Interaksi sosial adalah hubungan timbal balik antara individu dengan individu, individu dengan kelompok, atau kelompok dengan kelompok dalam masyarakat.Agar dapat terjadi interaksi sosial, dibutuhkan adanya kontak sosial dan komunikasi. Dalam kehidupan sehari-hari, manusia senantiasa melakukan kontak dengan manusia lainnya.Misalnya, kontak ayah dengan anak, kontak ibu dengan anak, kontak antar teman, kontak antar tetangga, kontak antar anggota karang taruna, kontak antara guru dengan murid, dan masih banyak lagi. Melalui kontak sosial tersebut terjadi komunikasi antar pelaku.

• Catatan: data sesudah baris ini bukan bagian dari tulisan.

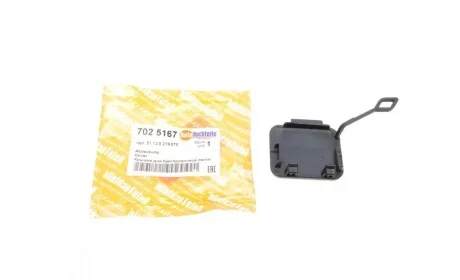 Крышка крюка буксировочного BMW 5 (E39) 95-03 AUTOTECHTEILE 702 5167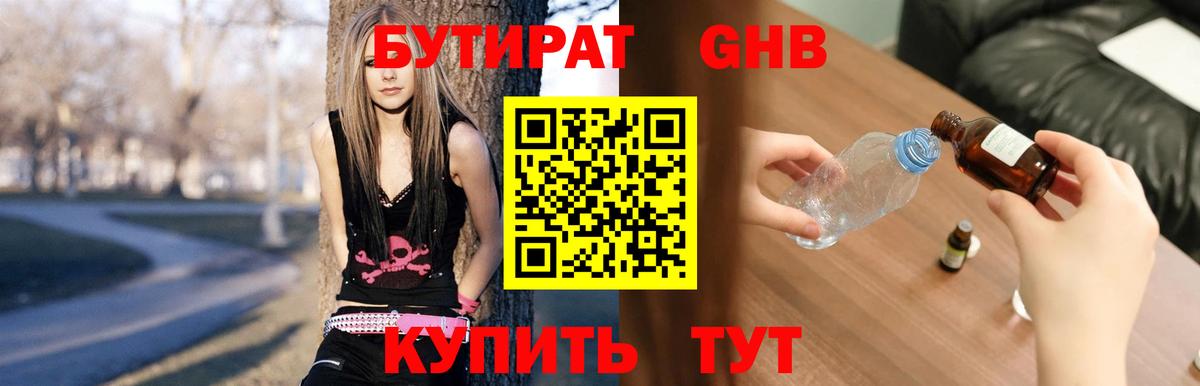 Бутират 99% Славгород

Berlangsungnya proses interaksi sosial di Desa Mawen didasarkan oleh banyak faktor. Salah satunya adalah imitasi. Imitasi adalah tindakan untuk meniru orang lain sebagai tokoh ideal. Seperti di rumah yang kami tempati, sosialisasi di keluarga membuat anak-anak cenderung meniru kebiasaan-kebiasaan yang dilakukan oleh orang tuanya. Tidak hanya di rumah, imitasi pun terjadi di sekolah, atau di kalangan teman sebaya. Selain itu, adapula faktor berupa simpati dan empati. Umumnya, apabila sedang ada hajatan maupun pesta perayaan, seluruh warga masyarakat akan berkumpul dan turut serta menyumbangkan tenaga maupun bahan makanan untuk membantu. Dan apabila ada yang meninggal, seperti saat gempa pada tahun 2006 yang menimpa Desa Mawen dan sekitarnya, warga akan ikut berduka cita bersama walaupun mungkin tidak dekat atau tidak mengenal keluarga korban.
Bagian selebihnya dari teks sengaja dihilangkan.